About this task: Repeat the records below exactly from the line containing "Silane, (bromodiphenylmethyl)trimethyl- (6CI,8CI,9CI)" to the line containing "Xtreme paddockstand set", taking in both of those lines. Drop the pictures.

Extracted records:
⁂
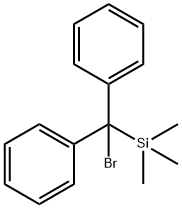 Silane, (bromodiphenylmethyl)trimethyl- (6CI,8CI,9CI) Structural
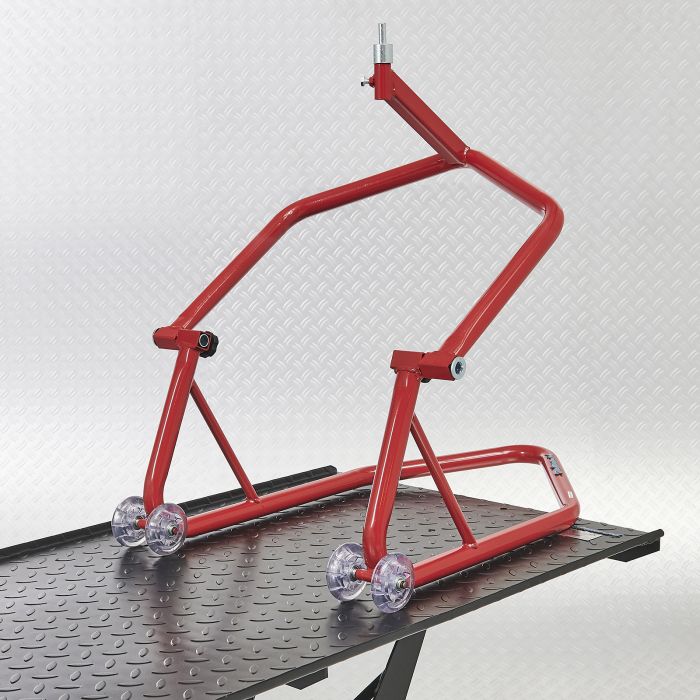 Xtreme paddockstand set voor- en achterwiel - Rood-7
⁂
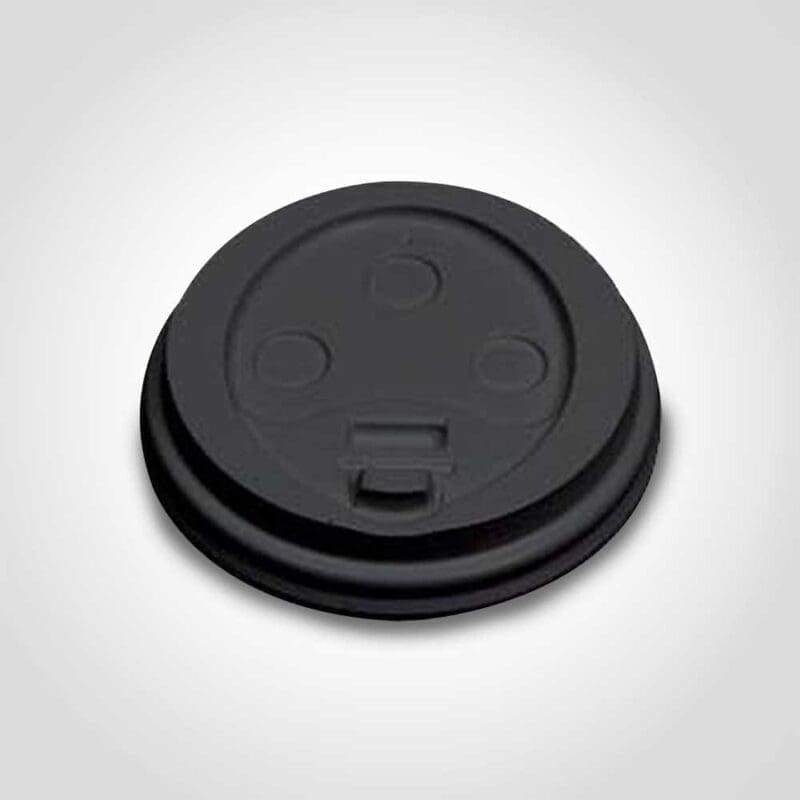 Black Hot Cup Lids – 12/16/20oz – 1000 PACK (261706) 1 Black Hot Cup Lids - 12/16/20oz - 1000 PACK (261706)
⁂
Your solution:
 Silane, (bromodiphenylmethyl)trimethyl- (6CI,8CI,9CI) Structural
 Xtreme paddockstand set voor- en achterwiel - Rood-7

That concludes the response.